# Cold weather lake fishing tactics



## Bluffwandering (Jan 18, 2018)

Coming from Minnesota, I've fished a lake or two. I thought I'd catch on quick here and Utah... I was wrong. (this fall a fellow fisherman gave me the rest of his pink power-bait after he caught his limit and watched me struggle with my spin tackle) 

I don't have a means to float yet, so I can't get out in the open water. I'm guessing you want to hit the breaks, which may prove hard from shore. 
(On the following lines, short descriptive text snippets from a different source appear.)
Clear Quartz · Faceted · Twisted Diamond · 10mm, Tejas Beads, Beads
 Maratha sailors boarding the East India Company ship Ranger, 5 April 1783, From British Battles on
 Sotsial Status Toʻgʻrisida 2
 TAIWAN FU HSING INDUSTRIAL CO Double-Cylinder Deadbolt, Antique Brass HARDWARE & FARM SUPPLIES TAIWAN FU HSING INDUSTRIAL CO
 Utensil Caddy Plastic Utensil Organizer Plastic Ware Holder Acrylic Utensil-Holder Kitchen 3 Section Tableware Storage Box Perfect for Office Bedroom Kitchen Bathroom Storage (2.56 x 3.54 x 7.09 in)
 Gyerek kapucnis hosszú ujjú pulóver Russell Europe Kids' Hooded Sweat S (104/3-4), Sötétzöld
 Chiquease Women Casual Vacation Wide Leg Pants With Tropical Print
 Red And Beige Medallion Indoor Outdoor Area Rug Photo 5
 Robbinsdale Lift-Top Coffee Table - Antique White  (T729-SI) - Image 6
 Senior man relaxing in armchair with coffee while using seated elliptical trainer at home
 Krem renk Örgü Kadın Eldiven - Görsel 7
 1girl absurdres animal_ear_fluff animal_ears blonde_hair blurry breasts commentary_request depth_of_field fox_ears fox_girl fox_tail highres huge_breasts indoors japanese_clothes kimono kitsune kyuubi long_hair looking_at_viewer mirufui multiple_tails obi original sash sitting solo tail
What tactics and equipment prove to be successful for winter fishing?

Lets say: 
1. Open water from shore
2. Ice fishing


----------



## wyoming2utah (Sep 12, 2007)

Many of Utah's reservoirs are rainbow trout fisheries. Those that are will allow shore fishermen some good opportunities to catch fish. Rainbows tend to congregate close to the shoreline through the winter months both when the reservoir is ice capped and when it is not. Look for rocky or gravel shorelines that provide some depth. As a fly fisherman, I like to float tube up and down the steep rocky shorelines right next to shore. If I were fishing from shore, I would fly cast in those same areas.

As a spin fishermen, you could bait fish. Just don't launch your bait too far out. You could also attack those same areas with a long list of lures. Sometimes, though, fish during this part of the year are a little more adept at eating small bugs and lures don't work quite as well. Try casting maribou jigs and bouncing them off the bottom.


----------



## harlin (Mar 18, 2012)

Not sure what you mean by the "breaks" (?). Most utah lakes are reservoirs that have rocky shorelines that more or less go down to the bottom at the same angle. Reaching fish from the shoreline is not an issue. 

As for tactics. It changes day to day and even year to year depending on water levels, weather patterns, etc. Ive caught fish using any type of lure you can imagine in the colder months. But generally, fishing low and slow seems to be the ticket when the water is cold. That can be accomplished in a number of ways. Use lighter lures and lighter lines and let them sink longer. That will allow a longer retrieve without hitting the bottom too fast. 




Sent from my iPhone using Tapatalk


----------



## DallanC (Jan 13, 2009)

Ice fishing: Ratfinkee jigs tipped with a waxworm. Fish it just under the ice, well out from shore.


-DallanC


----------



## Lanny177 (Jan 9, 2018)

I love tube jigs brown, orange, and white have proven to be great. Slow and bouncing off the bottom is the best technique. Gitzit and freshwater basics brands is my favorite. Tubes about all i use anymore. I have a YouTube channel that can help you out. The name is "lanny luke" look me up and good luck.


----------



## Bluffwandering (Jan 18, 2018)

Lanny, Your videos have inspired me to buy some tubes 
Thanks for the help. I had a couple hits on a tan on brown twister tail from shore today. Maybe a tuber will help me break through this loosing streak!


----------